City Council holds workshop on the vision of Campustown


Courtesy of City of Ames

The Urban Revitalization Area, which was created by the City Council in 2016, is hoped to be expanded on by the workshop. 

Devyn Leeson

City Council held a workshop on July 17 discussing a new vision for Campustown development that included more efficient use of land and an increase in public spaces.

Improvements along Welch Avenue were largely what the workshop focused on, with proposals such as moving the fire station, adding a public plaza, closing down parts of Chamberlain Street and adjusting Campustown parking.

The public plaza was an item of high interest among councilmembers and the public.
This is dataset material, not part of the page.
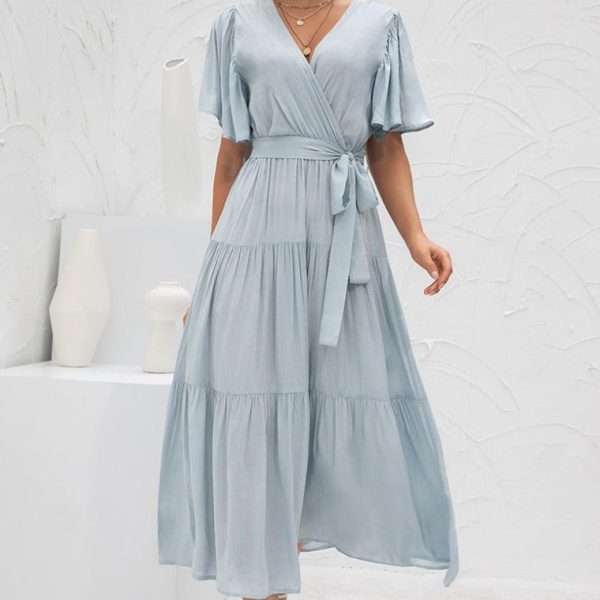 Solid Short Sleeve Fold High Waist V Neck Temperament Female Dress Fashion Pure Spring Summer Chic Ladies Long Dress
There were two possible locations for a public area. The lot behind the buildings northwest of Chamberlain Street and Welch Avenue would allow for a space 180 by 70 feet. The corner lot southeast of Welch Avenue and Chamberlain Street would allow 0.2 acres of land and possibly 0.5 acres if the section of Chamberlain street south of the Welch Avenue fire station were turned into a lot.
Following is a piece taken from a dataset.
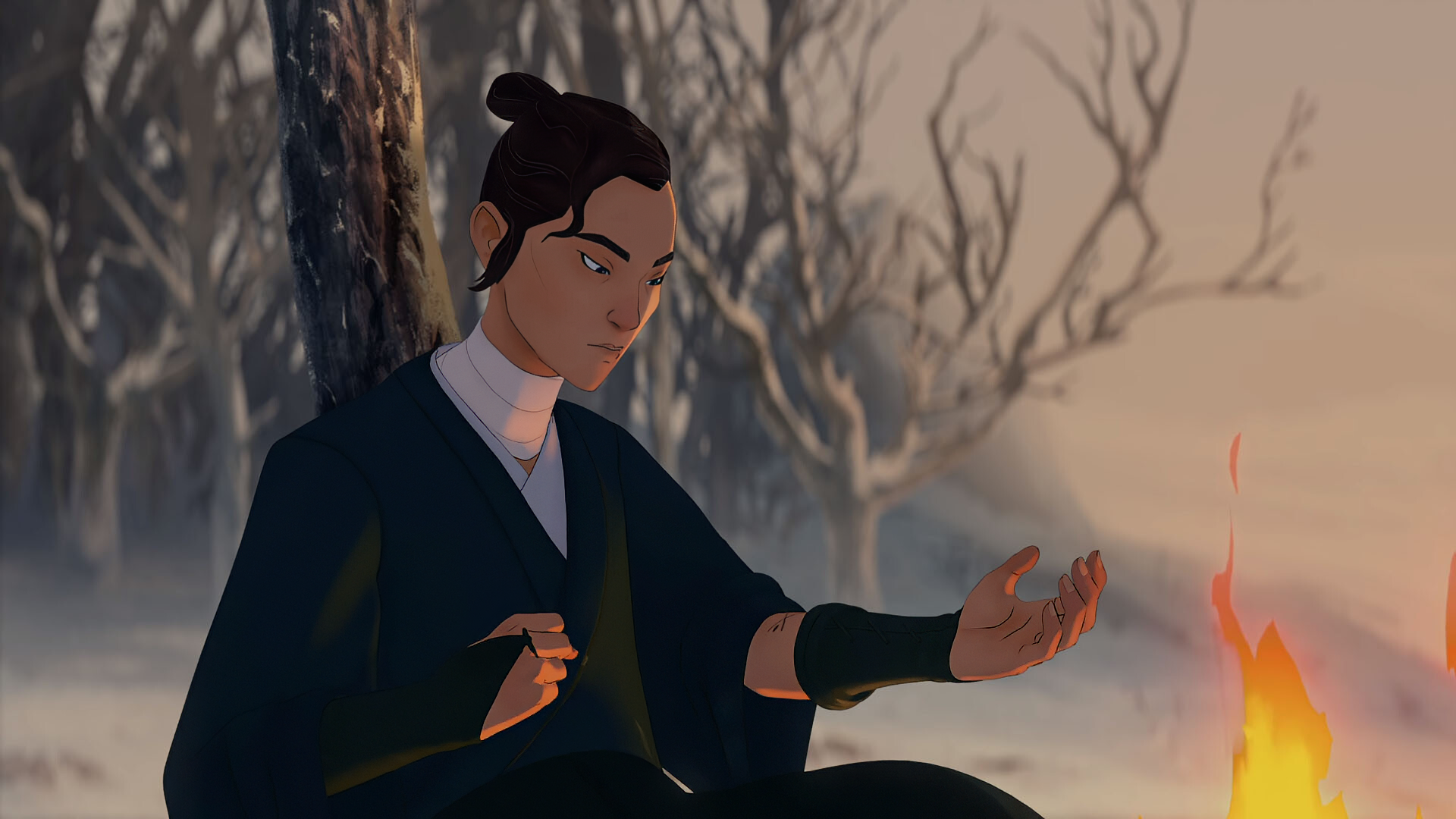 A serene anime scene featuring a blue-eyed samurai sitting by a fire in a winter landscape, capturing a moment of reflection. High-definition wallpaper for desktop backgrounds.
While the area would be slightly small for a plaza, members on the Council still thought it would serve a purpose.

“I am not convinced this is too small of an area,” said At-Large representative Bronwyn Beatty-Hansen.

Ward Two representative Tim Gartin proposed moving the fire station in addition to blocking off the nearby section of Chamberlain to open up a larger lot for the plaza.

“I don’t think that fire station should be there,” Gartin said. “It is too congested. If we freed that piece of property, there would be something we could do with that area.”

A motion was then passed to direct staff to looking into moving the fire station to a new lot along Chamberlain Street.

There were traffic concerns associated with Welch Avenue if roads were to close along it, specifically with the incoming CyRide 2.0 changes.

With CyRide 2.0, there was a push to have more routes go along Welch Avenue, and the Gold Route in particular is set to pass through Welch Avenue both ways every 10 minutes.

“I have no idea how CyRide can get through every 10 minutes,” said Liz Jeffery, owner of Arcadia cafe on Welch Avenue. “There are constant delivery trucks scheduled to stop there.”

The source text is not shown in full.